1300+ positive reviews?


----------



## GTmaker

the guy is selling a piece of wood for $796.34 .....
Those who see a guitar neck in the pictures are the ones smoking something.
G.


----------



## vadsy

GTmaker said:


> the guy is selling a piece of wood for $796.34 .....
> Those who see a guitar neck in the pictures are the ones smoking something.
> G.


anything can be a piece of wood


----------



## GTmaker

vadsy said:


> anything can be a piece of wood
> .


so let me get this right...you looked at the pictures for sale and you see a $769.34 guitar neck?
G.

just in case some of you havent seen what the piece of wood looks like, here is a pic.


----------



## vadsy

GTmaker said:


> so let me get this right...you looked at the pictures for sale and you see a $769.34 guitar neck?
> G.
> 
> just in case some of you havent seen what the piece of wood looks like, here is a pic.
> 
> View attachment 324189


sure, why not? if it truly is a vintage neck blank, in the right hands it could be incredible. heck, he aint asking enough


----------



## Milkman

He's only "high" or crazy if nobody pulls the trigger.

That remains to be seen.

Frankly it's nuts IMO, but no more so than some of the prices I see being paid for other items.

What's the price for say, an original pick up switch knob from a 50s Les Paul?

I know, supply and demand et cetera, but really?

Things are worth what someone is willing to pay.


----------



## laristotle

I sold my '62 Gretsch with one of these on it for the price that he's asking. lol

Burns Vintage Tremolo Tailpiece $550


----------



## 1SweetRide

colchar said:


> Vintage Fender Telecaster Tele Guitar Neck - Unfinished, Unshaped, Unsanded, From Factory Employee! | Reverb
> 
> 
> For sale is this incredible relic from Fender's Fullerton factory. Recently purchased from a longtime Fender and G&L employee is this extremely raw vintage Fender Telecaster guitar neck. There is no accurate way to date this neck, though due to the pencil outline and hand-made cut marks (pre ...
> 
> 
> 
> 
> reverb.com


I saw that too, thought, B.S.


----------



## colchar

Okay Player said:


> I have to be honest, his reverb store, with the original 1953 Telecaster, kind of makes it seem like this guy might not be high.

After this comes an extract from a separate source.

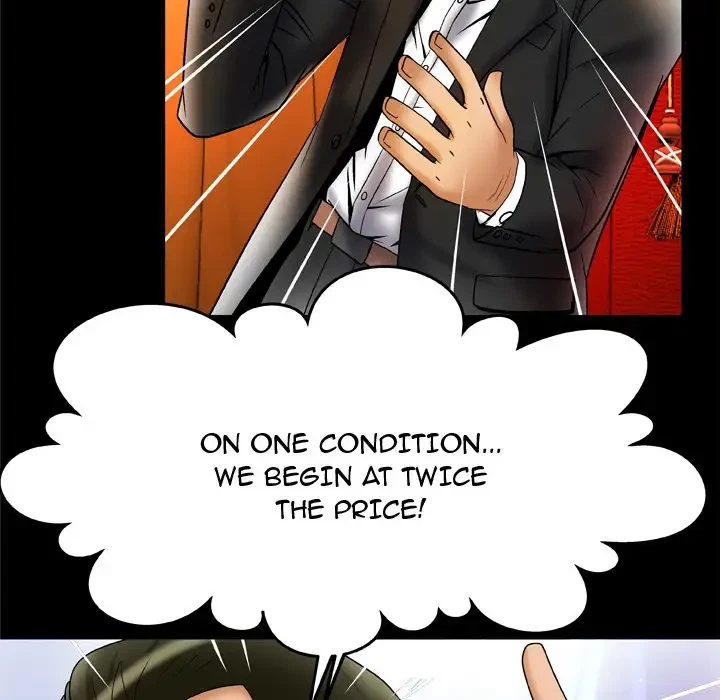 Chapter 70, page 16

The guy is also trying to sell a 2010 Tele neck for $796.34 so he's definitely on something.

For comparison, I bought a brand new Tele neck from L&M in December 2016 that came straight from Fender for $305 out the door.


----------



## butterknucket

I hear there's good money in throwing chairls off of balconies.


----------



## Okay Player

colchar said:


> The guy is also trying to sell a 2010 Tele neck for $796.34 so he's definitely on something.
> 
> For comparison, I bought a brand new Tele neck from L&M in December 2016 that came straight from Fender for $305 out the door.


That's the going rate for an American made Tele neck in 2020. Mexican made necks go for half of that.

On Amazon a new American made neck lists for $950.


----------



## troyhead

Wouldn't an unfinished block of wood tend to warp a bit after that many years? You probably couldn't even turn it into a guitar neck if you wanted to.


----------



## Milkman

I hate to be the one to say it (well, not really), but some sucker will see this as an old piece of wood from the Fender factory and automatically apply the term "vintage" to it, and pull out his wallet.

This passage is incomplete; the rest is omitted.